▸ TASK TO CARRY OUT
Transcribe the stretch of entries below from the line with "Certified 2024 Mercedes-Benz" through the line with "10 Renfrewshire Drive, Middletown, NY", exactly and with both ends included; leave out all other lines.

==== DATA IN THIS EXERCISE ====

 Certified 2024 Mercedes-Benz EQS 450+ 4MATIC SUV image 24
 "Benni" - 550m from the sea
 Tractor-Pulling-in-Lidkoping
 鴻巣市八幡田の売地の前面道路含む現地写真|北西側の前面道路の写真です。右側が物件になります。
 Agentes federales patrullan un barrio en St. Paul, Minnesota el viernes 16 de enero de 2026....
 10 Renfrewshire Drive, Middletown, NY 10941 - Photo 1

====
==== DATA IN THIS EXERCISE ====

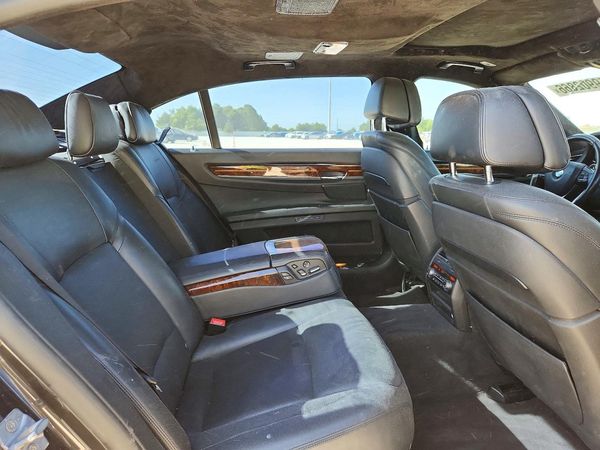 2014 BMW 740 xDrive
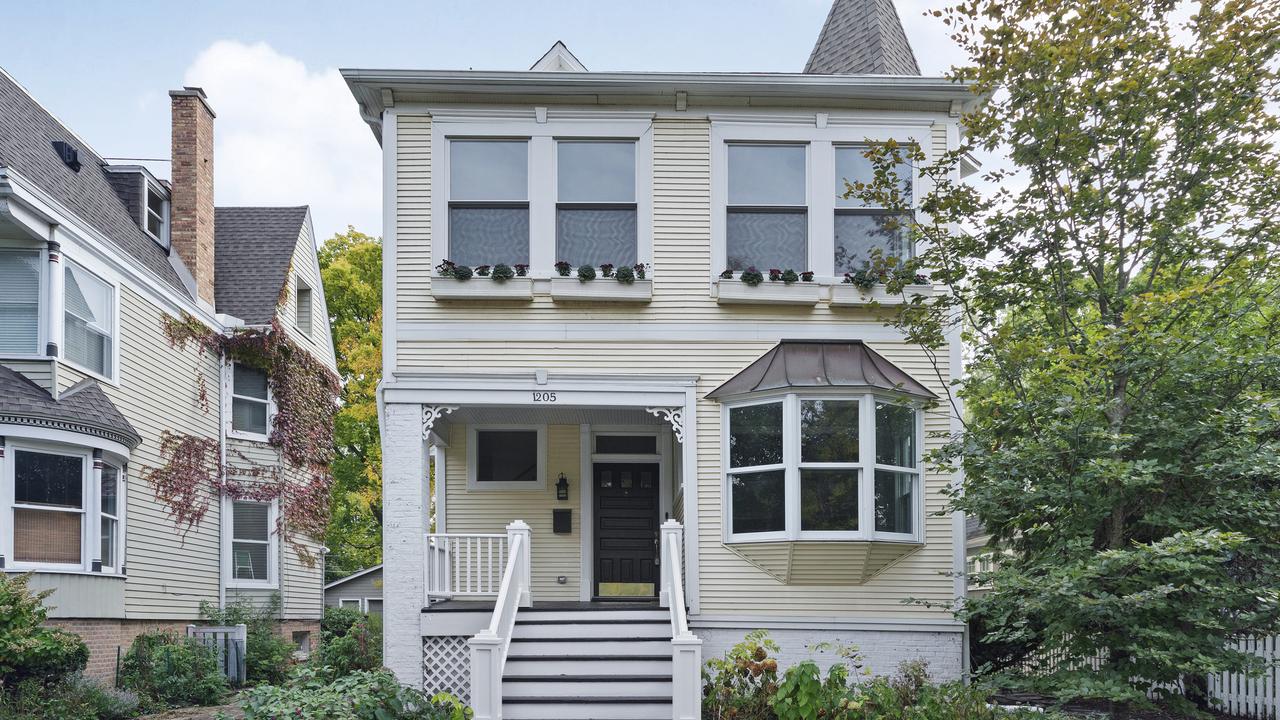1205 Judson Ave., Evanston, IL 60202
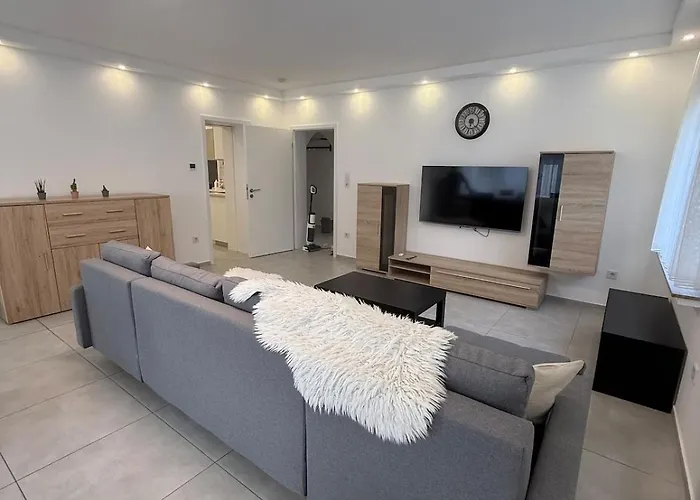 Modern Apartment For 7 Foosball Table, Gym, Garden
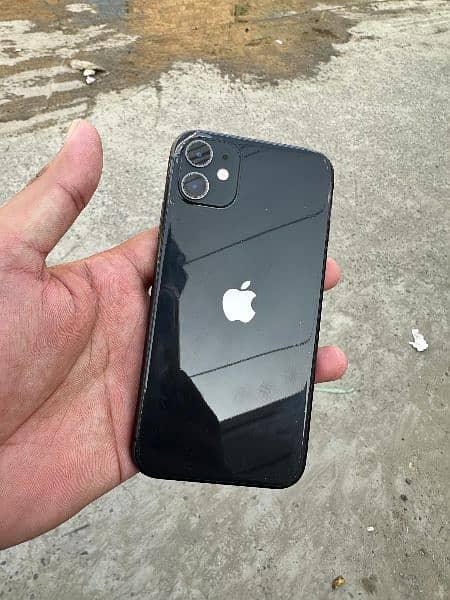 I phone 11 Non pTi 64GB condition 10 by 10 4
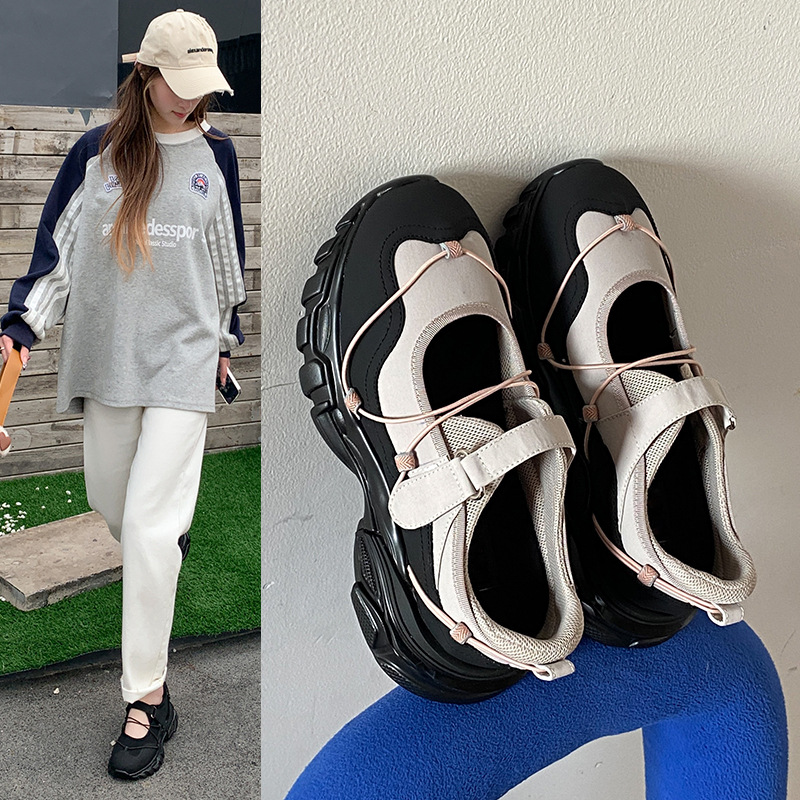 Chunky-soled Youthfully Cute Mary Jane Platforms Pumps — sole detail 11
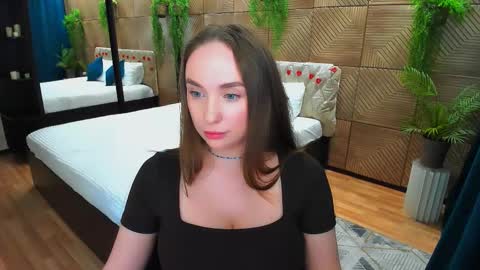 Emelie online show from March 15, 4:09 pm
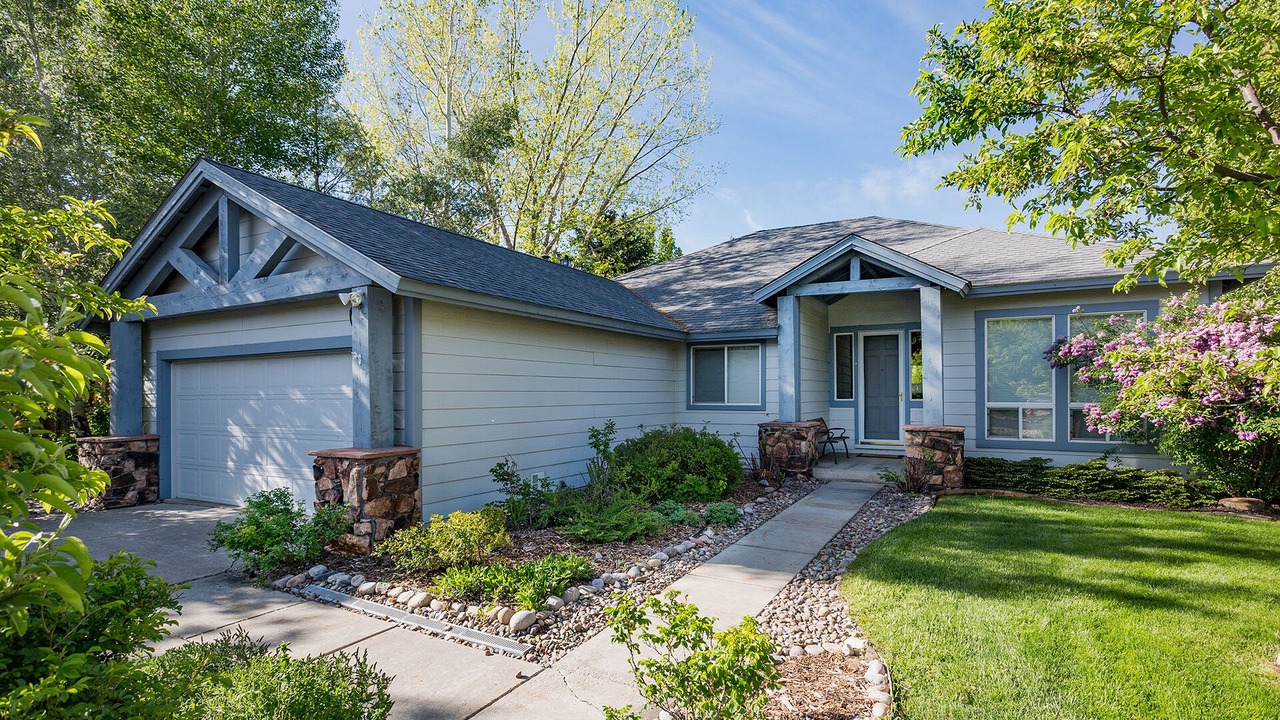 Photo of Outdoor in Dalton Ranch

====

▸ OUTPUT FOR THIS EXERCISE
 Certified 2024 Mercedes-Benz EQS 450+ 4MATIC SUV image 24
 "Benni" - 550m from the sea
 Tractor-Pulling-in-Lidkoping
 鴻巣市八幡田の売地の前面道路含む現地写真|北西側の前面道路の写真です。右側が物件になります。
 Agentes federales patrullan un barrio en St. Paul, Minnesota el viernes 16 de enero de 2026....
 10 Renfrewshire Drive, Middletown, NY 10941 - Photo 1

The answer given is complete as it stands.